Assignment
The answer is to be an exact copy of the lines below running from the line with "2026 Jeep Wrangler Sport S" down to the line with "100 TORNILLOS COCHE 5/16 X 3 PULGADAS PLATA", both ends included, and nothing more.

Records for processing
___
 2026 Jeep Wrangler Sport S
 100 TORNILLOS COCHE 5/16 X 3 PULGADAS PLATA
___
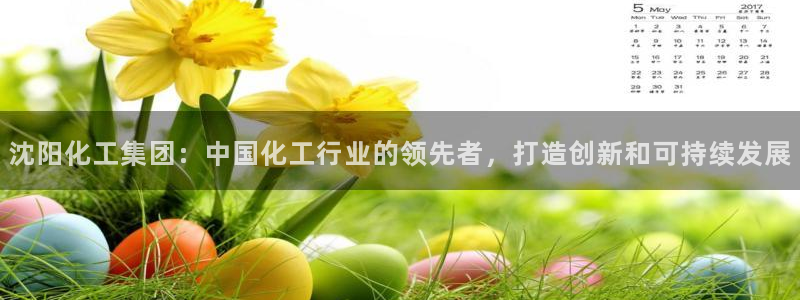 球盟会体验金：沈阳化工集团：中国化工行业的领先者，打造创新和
___
Response below
 2026 Jeep Wrangler Sport S
 100 TORNILLOS COCHE 5/16 X 3 PULGADAS PLATA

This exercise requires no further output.